3. It's all about you
People investing in early stage businesses take on a lot of risk. Most start-ups fail no matter how brilliant their ideas are or how big is the addressable market. It's not even about the idea - it's all about execution. And who is in charge of that? You! Investors back entrepreneurs, not businesses. A start-up is too early to judge on its own merit so investors turn to the founder's background instead. It is no wonder that "serial entrepreneurs" find it relatively easy to raise money. Tessa and Saasha at Olio used to manage teams which gives me reassurance that as their start-up grows, they'll be able to hire, inspire and retain the best talent. As a founder, you have to sell yourself, so go through your CV and find the most relevant experience which will make you look investible.
4. Remember that no one owes you anything
Even before I started my current role I met many entrepreneurs looking for funding. Most of them got a meeting with a potential angel investor through an introduction. Sometimes they were recommended by a more experienced founder; sometimes they knew someone who knew someone and scored a meeting as a favour. The thing is, all that glitters isn't gold. Even if you found a way to open doors, it doesn't mean that investors will meet you with a cheque book in hand. It is still all about you and your business. I once met two founders who wanted to launch a money saving app. They wanted to get funding before they even created a prototype. They were surprised I wasn't very impressed maybe because they thought their charm would do the trick. In reality, tons of businesses get to the stage of a minimum viable product on a shoestring budget - now that's impressive and will get you attention.
5. Find a way to relate to the investor you are meeting
Finding a right investment opportunity is a numbers game. Flipping it around, entrepreneurs must be more discerning. It is true that you might end up speaking to dozens of investors, but put your best foot forward every time. This means finding a way to relate to the person you are speaking to. It's easy to do some research ahead of your pitch using LinkedIn, Twitter and other relevant online sources. Find an engaging way to break the ice and the conversation will flow much easier.

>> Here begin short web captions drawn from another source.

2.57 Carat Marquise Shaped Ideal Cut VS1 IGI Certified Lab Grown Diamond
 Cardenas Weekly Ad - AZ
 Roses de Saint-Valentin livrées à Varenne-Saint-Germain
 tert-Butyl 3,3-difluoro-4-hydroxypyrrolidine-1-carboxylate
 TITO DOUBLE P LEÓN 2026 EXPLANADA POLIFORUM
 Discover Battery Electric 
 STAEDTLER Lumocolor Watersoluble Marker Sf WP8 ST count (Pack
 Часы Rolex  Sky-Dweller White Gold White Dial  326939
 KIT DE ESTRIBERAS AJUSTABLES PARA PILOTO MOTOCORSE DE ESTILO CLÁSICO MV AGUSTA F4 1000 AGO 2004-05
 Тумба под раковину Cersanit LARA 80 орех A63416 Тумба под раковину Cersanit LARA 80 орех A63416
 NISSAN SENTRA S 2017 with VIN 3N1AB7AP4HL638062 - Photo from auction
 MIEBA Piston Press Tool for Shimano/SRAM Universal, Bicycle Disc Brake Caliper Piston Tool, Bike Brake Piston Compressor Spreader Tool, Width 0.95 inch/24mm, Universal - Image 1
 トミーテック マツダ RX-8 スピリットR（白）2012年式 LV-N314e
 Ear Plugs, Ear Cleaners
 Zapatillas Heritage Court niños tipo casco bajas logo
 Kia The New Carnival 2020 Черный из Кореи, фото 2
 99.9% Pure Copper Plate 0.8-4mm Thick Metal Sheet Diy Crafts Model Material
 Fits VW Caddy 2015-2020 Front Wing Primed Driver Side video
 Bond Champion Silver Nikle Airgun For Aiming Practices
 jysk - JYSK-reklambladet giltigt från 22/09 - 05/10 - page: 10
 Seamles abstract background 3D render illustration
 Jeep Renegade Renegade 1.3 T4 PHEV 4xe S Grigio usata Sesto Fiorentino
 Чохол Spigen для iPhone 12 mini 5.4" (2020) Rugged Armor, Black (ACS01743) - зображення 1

Also, remember that investors are biased. They don't mean to be, but they are only human. A 2016 study from the Entrepreneurs Network stated that only 9% of funding into UK start-ups went to women-run businesses. According to a Women in UK VC study commissioned by a non-profit organisation Diversity VC in 2017, only 18% of investment professionals in UK VCs are women and only 13% of decision-makers are female. 48% of UK VC firms have no women on their investment teams at all. It's pretty obvious that there is a correlation between mostly male decision-makers and mostly male founders getting funded. So if you are a woman looking for capital for your start-up, find female angel investors, investor syndicates focussed on female founders (e.g. Angel Academe) or approach female executives at VC funds. You may well find it easier to relate to them and vice versa.